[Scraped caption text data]

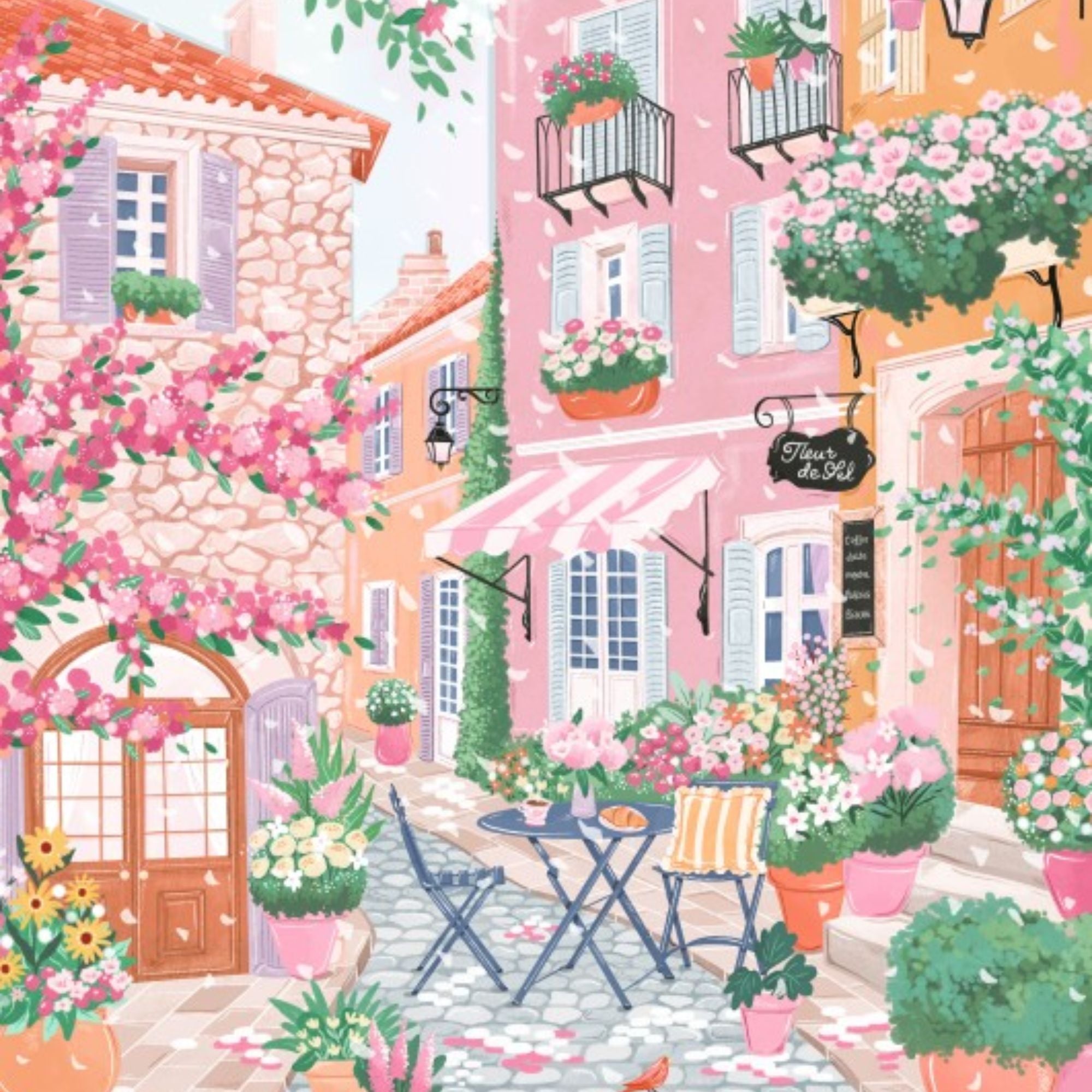 Puzzle 1500 pièces - Sud de la France - Nad Yut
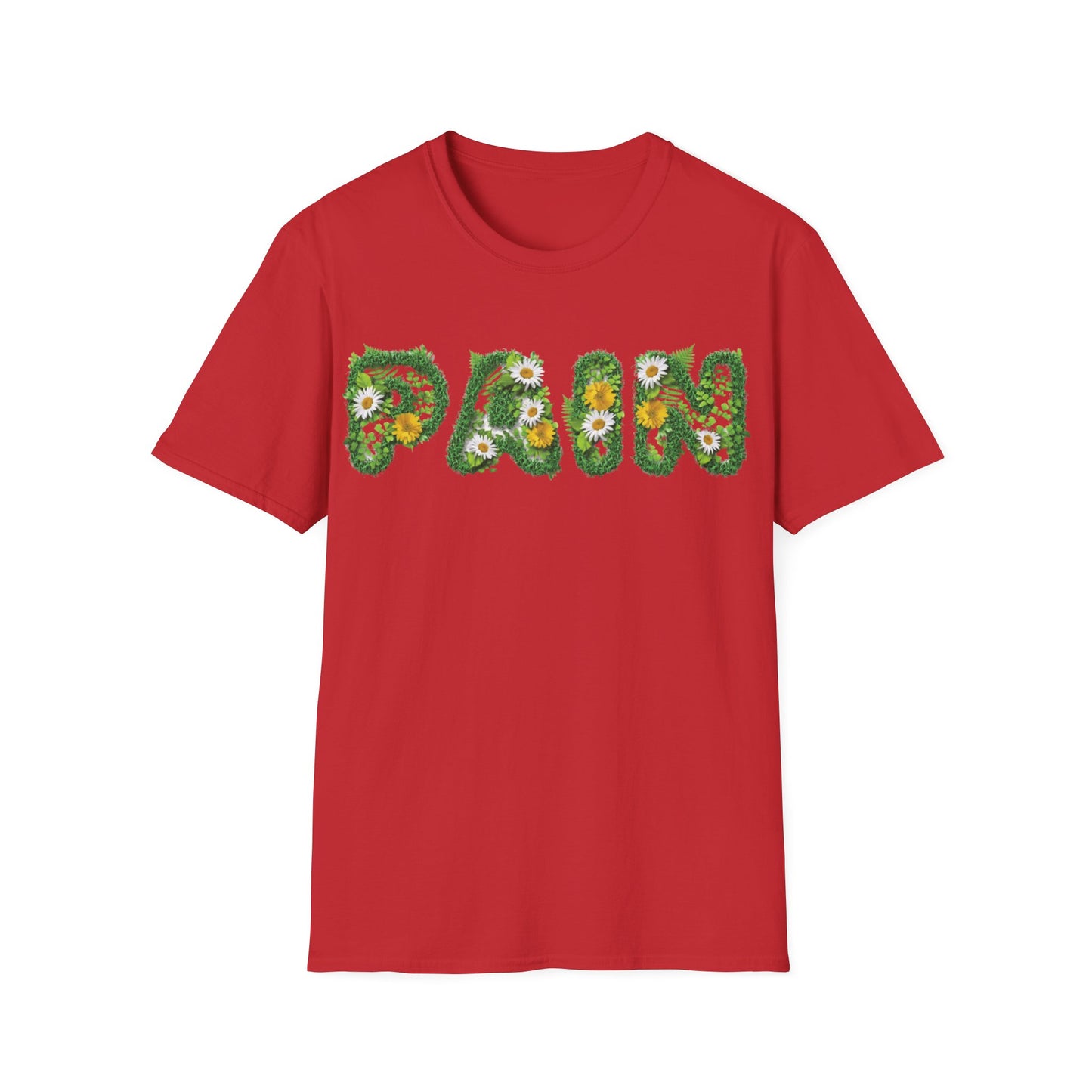 PAIN WNBIY Flowers T-Shirt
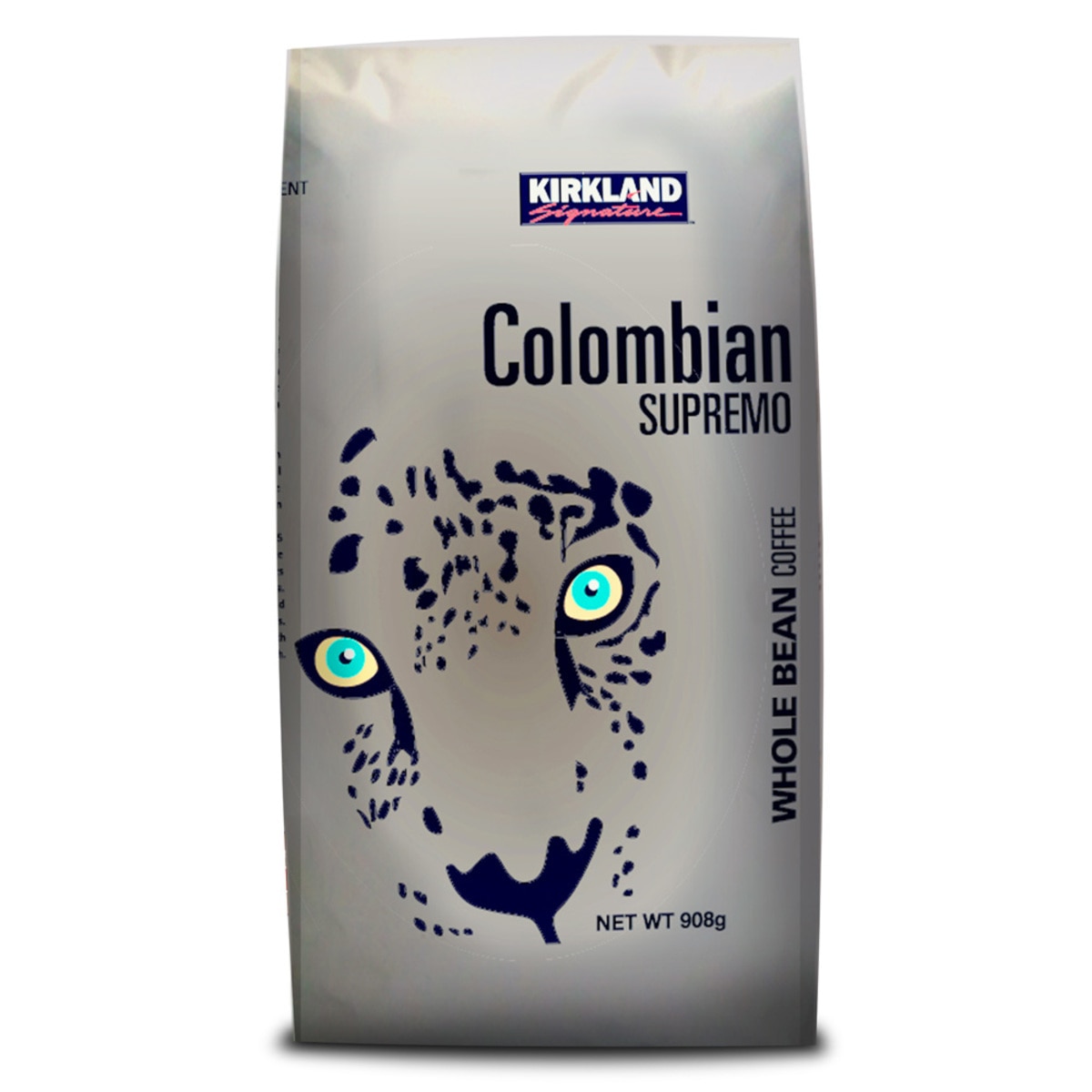 Kirkland Signature Colombian Supremo Whole Bean Coffee, 907g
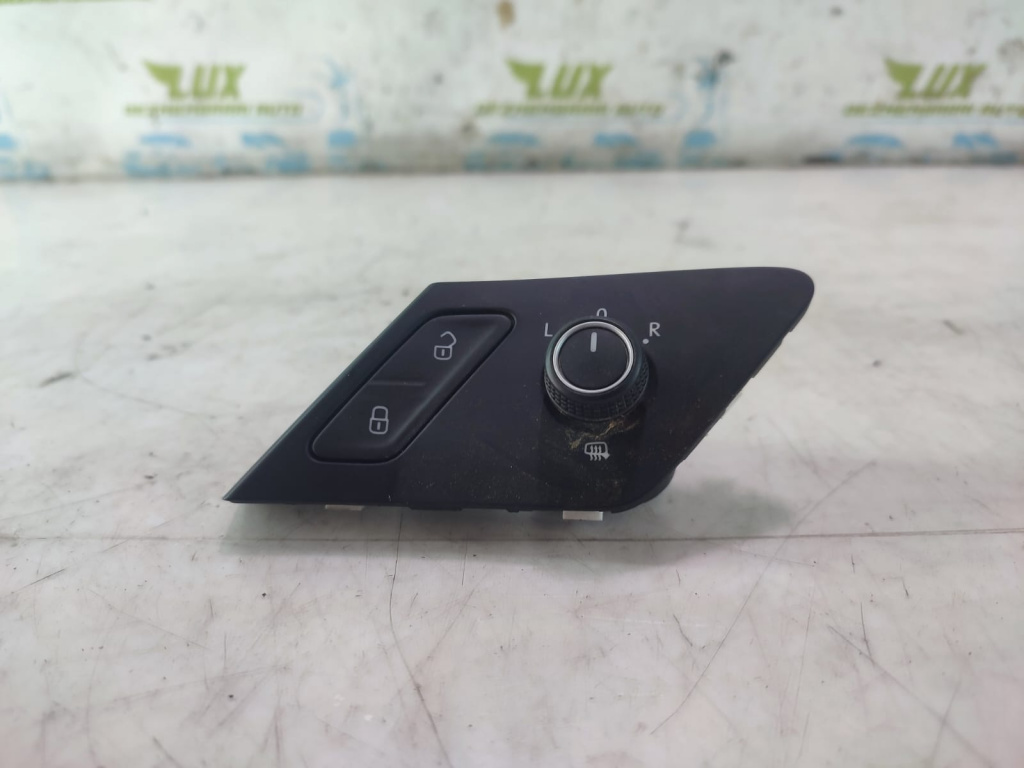 Buton reglare oglinzi 5G0959565Q Volkswagen VW Golf 7 [2012 - 2017] 1.6 tdi CLHA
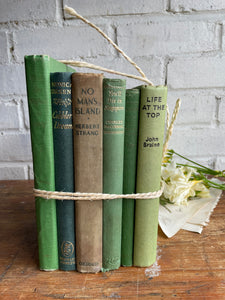 Vintage Green Book Bundle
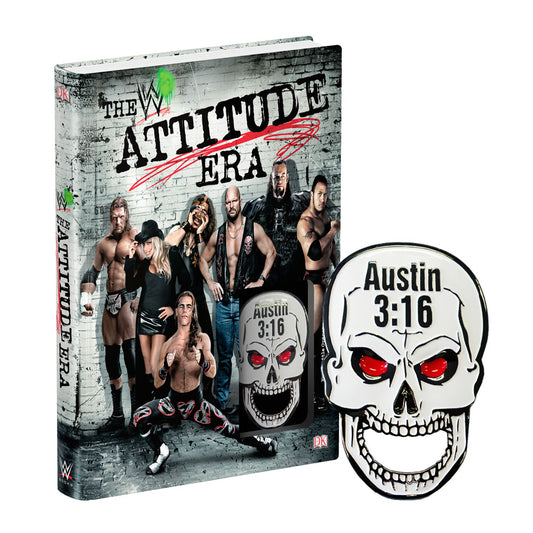 WWE: The Attitude Era Hardcover Book Book PW Catalog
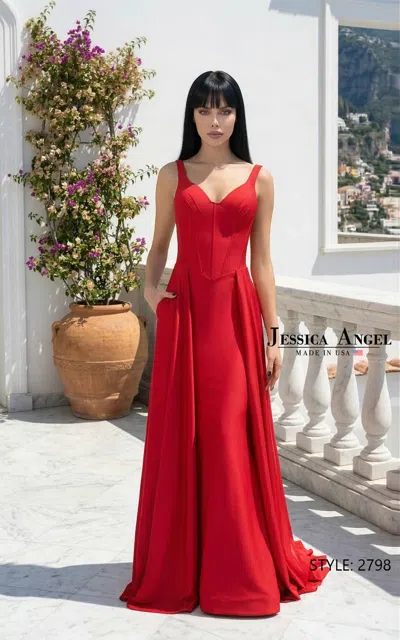 Jessica Angel 2798 In Red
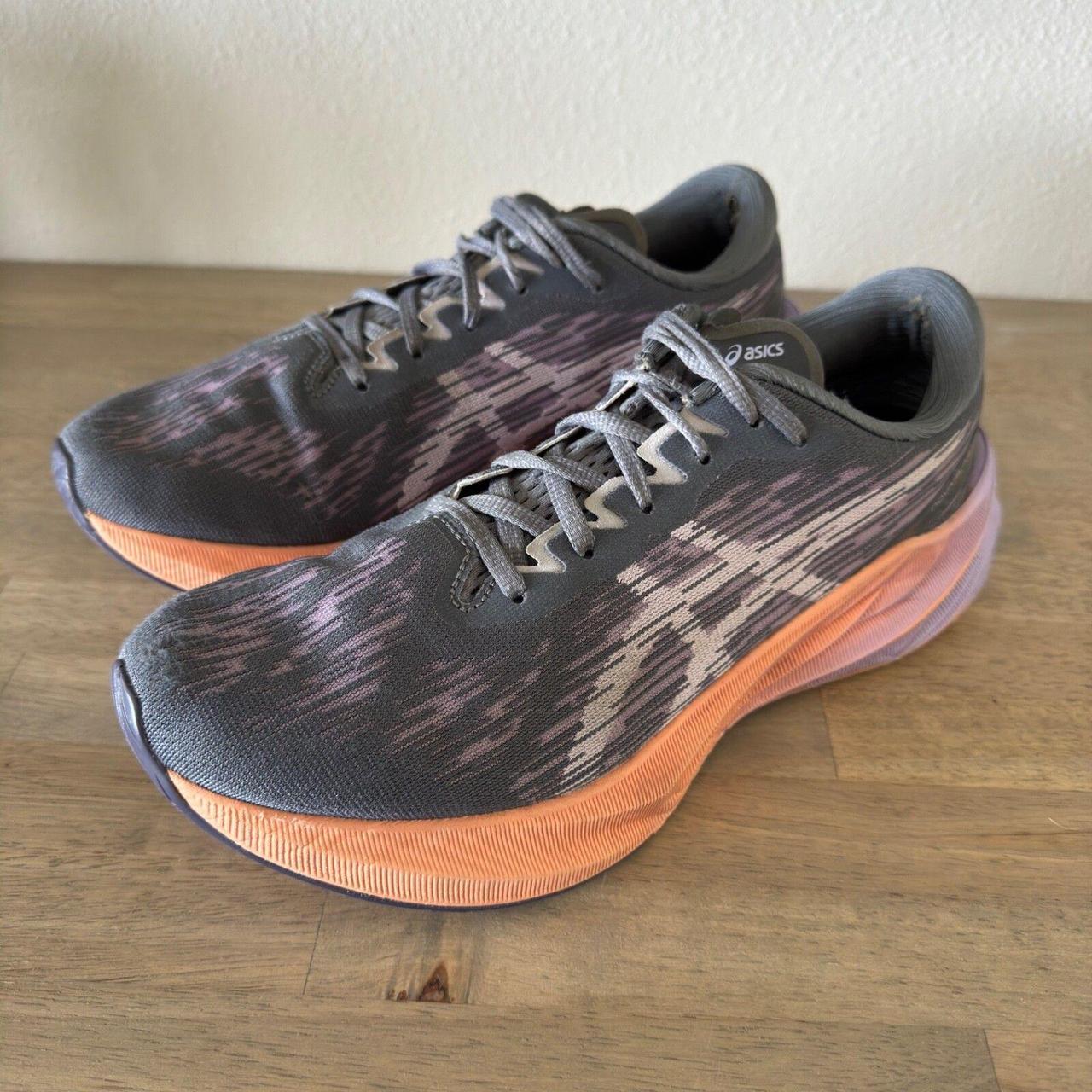 ASICS Women's Sneakers Grey US 10 – Asics Novablast Running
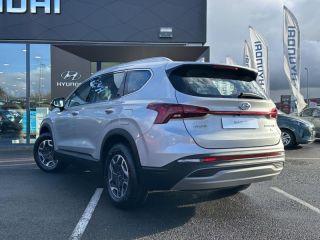 57200 : Hyundai Sarreguemines - Theobald Automobiles - HYUNDAI Santa Fe - Santa Fe - Typhoon Silver Métal - Traction - Hybride : Essence/Electrique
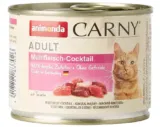 animonda Carny Adult Katzenfutter, Multifleischcocktail, 200 g (6er Pack) ab 3,03 € inkl. Prime-Versand (statt 10,09 €)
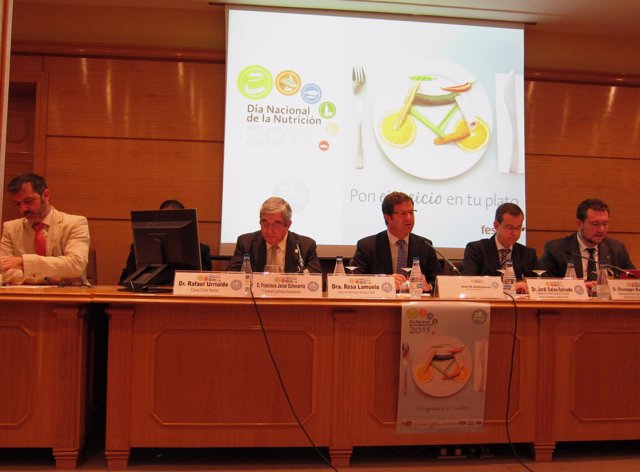 Presentación Del Día Nacional De La Nutrición.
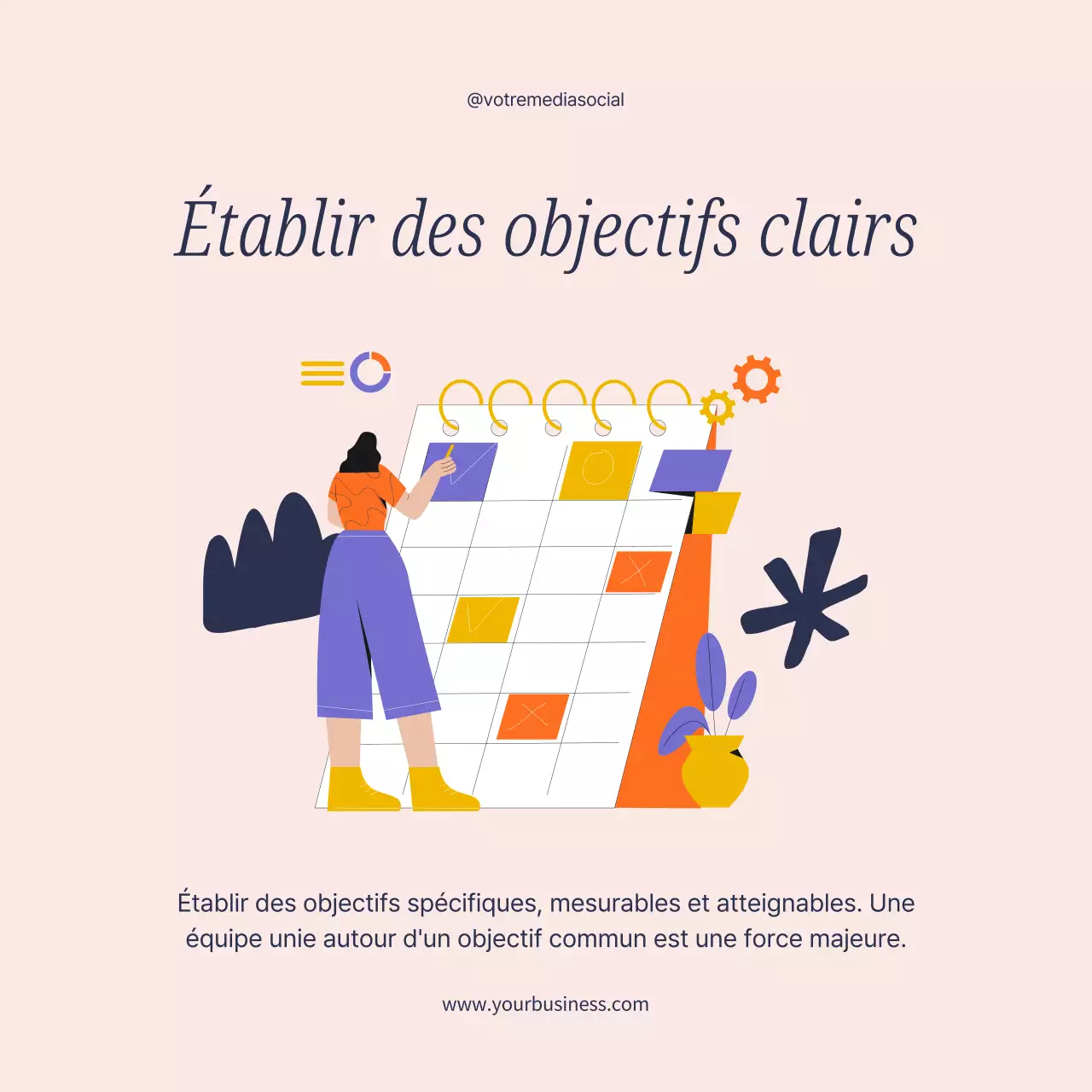 Beige et violet Trendy Team Harmony Astuces et guides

> [Problem] The range to set down runs from the line containing "Jessica Angel 2798 In Red" through the final line of the data, both ends included; give it exactly and drop the pictures.

> [Answer for this exercise]
 Jessica Angel 2798 In Red
 ASICS Women's Sneakers Grey US 10 – Asics Novablast Running
 57200 : Hyundai Sarreguemines - Theobald Automobiles - HYUNDAI Santa Fe - Santa Fe - Typhoon Silver Métal - Traction - Hybride : Essence/Electrique
 animonda Carny Adult Katzenfutter, Multifleischcocktail, 200 g (6er Pack) ab 3,03 € inkl. Prime-Versand (statt 10,09 €)
 Presentación Del Día Nacional De La Nutrición.
 Beige et violet Trendy Team Harmony Astuces et guides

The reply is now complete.